An excerpted text of Biden’s remarks follows:
It’s good to see you all here. I didn’t realize how many of you were here, it’s quite a gathering. I should say at the outset, you’re the folks who, many of you, are the ones who are interfacing every day with the family, with the patient trying to figure out how you can give hope without giving false hope, how you can bring help where it’s available, and wondering why we can’t move faster.
Every year, thousands of oncologists and millions of patients all over the world await the news coming from this meeting. New breakthroughs, new therapies, new promises of cure. Hope. Hope. I know of no coterie of people in the world more desperately in need of hope than over the 16 million people with cancer.
This year your theme is harnessing the collective wisdom of oncologists around the world to put patients at the center of research and care.

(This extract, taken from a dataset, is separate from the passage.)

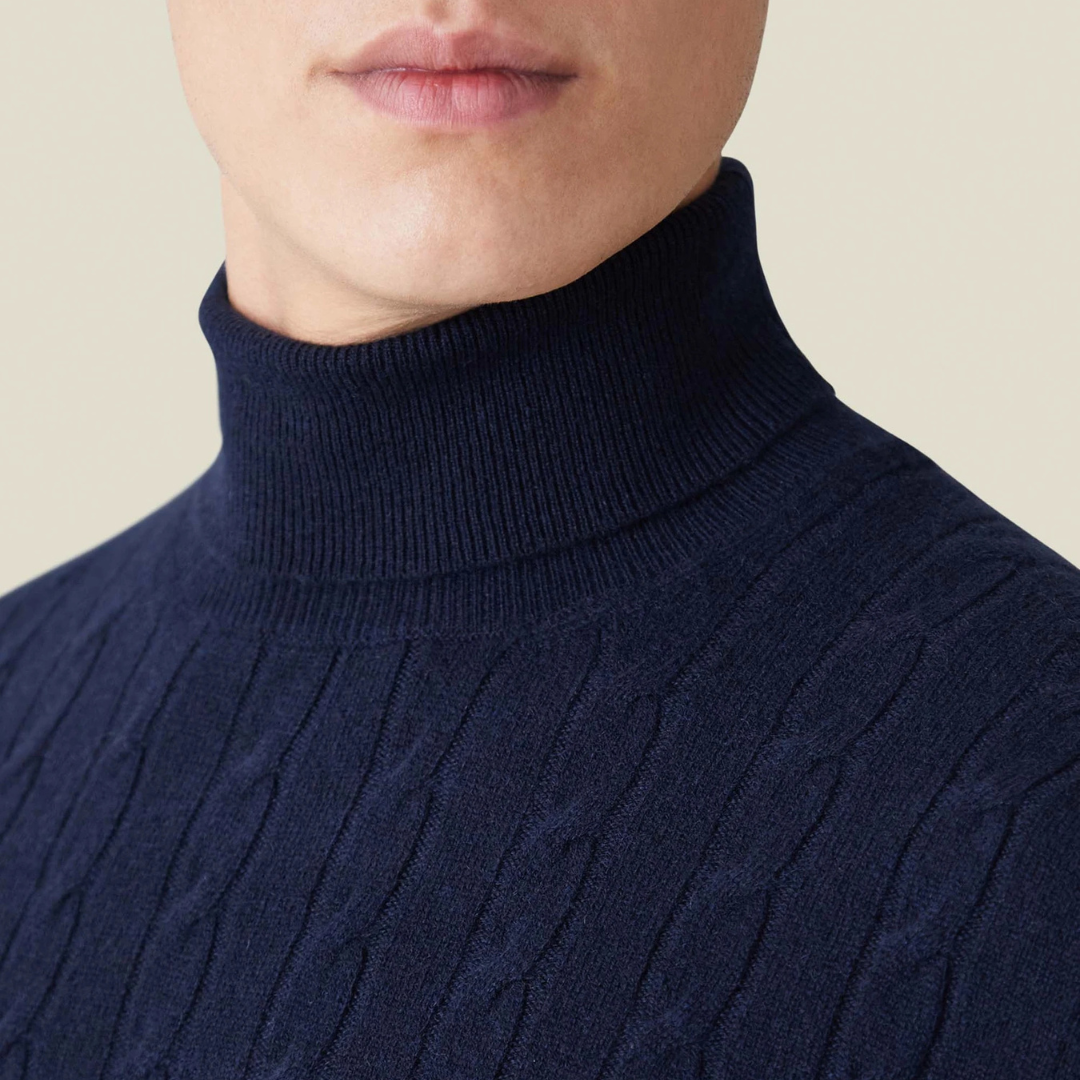 ByCastello | Kabelstrick Rollkragenpullover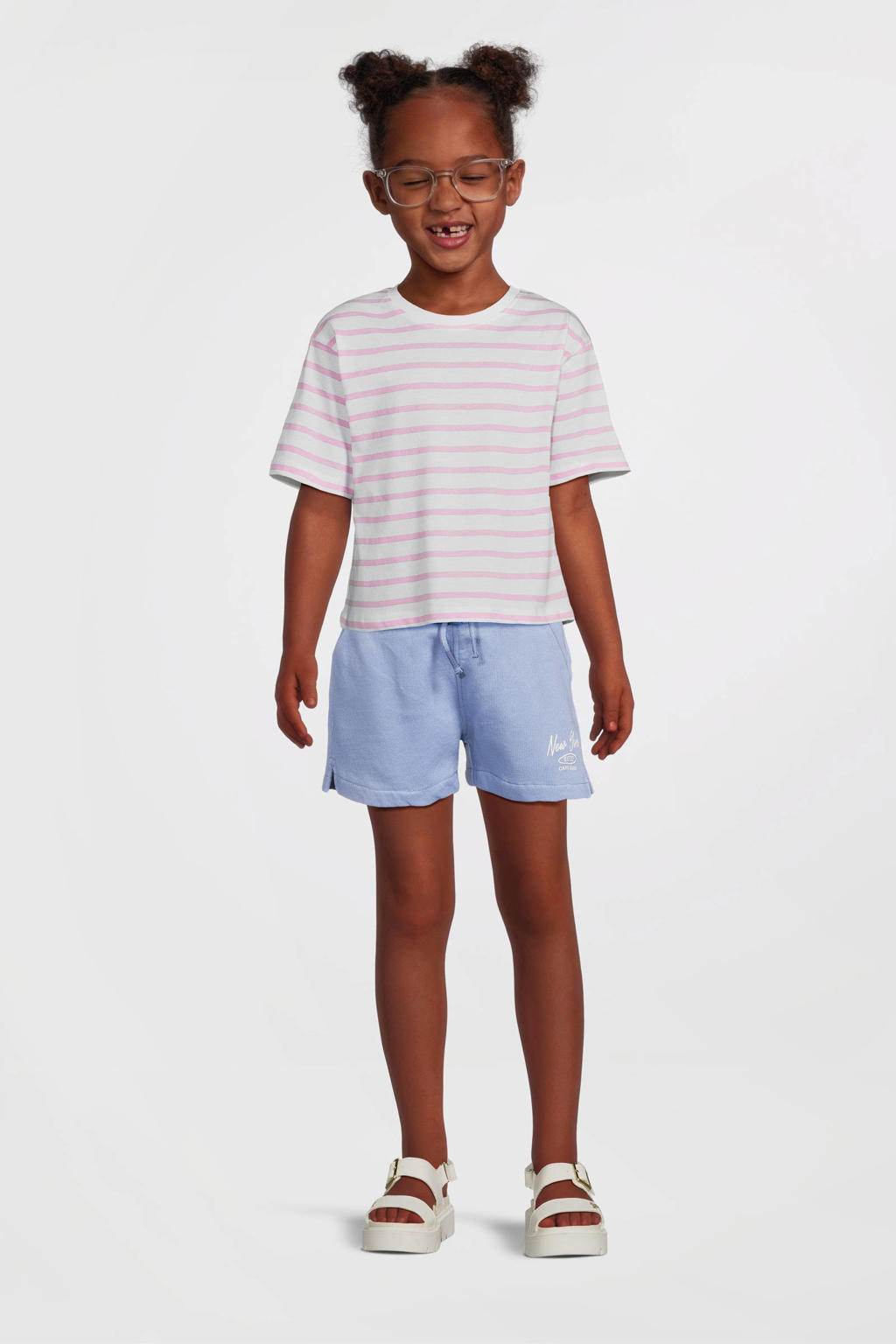 Lilakleurige meisjes Cars sweatshort van katoen met elastische tailleband met koord en tekst print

That’s exactly what I’m trying to do in the cancer moonshot, and it matters. And I might note parenthetically, if I allegedly have any expertise in the area of foreign policy and constitutional law—and I want you to know what you already do know, but I see it every day—as I travel the world, and I’ve now traveled over 1,200,000 miles as vice president for the president.
I was recently in the Middle East, in Abu Dhabi and Jordan and Israel and other parts, talking about ISIS. But with every leader I met with, in every one of the countries, without exaggeration, the first thing they said to me: “Mr. President, before we begin, can I talk to you about your moonshot?” I’m not joking.
We recently had 50 world leaders, heads of state at the White House for the nuclear summit, and before the president began, with all the tables arrayed around the east room, he in front of the fireplace and me on the opposite side by the hallway you see where all the press conferences are held. He said, “I know a lot of you want to speak to Joe about cancer, but we can do that afterwards.”
There are five countries, from Asia to the Middle East to Europe, with whom we are now attempting to work out memorandum of understanding on how we can better coordinate. This is an issue that I came to quite accidentally. I’m pretty good at what I do, I think. There’s never been a major undertaking I’ve been assigned where I haven’t known at least as much or more than the people advising me, except here. That’s why I need you. I need you and your colleagues and that’s why I’ve been travelling the nation trying to learn as much as I can as quickly as possible.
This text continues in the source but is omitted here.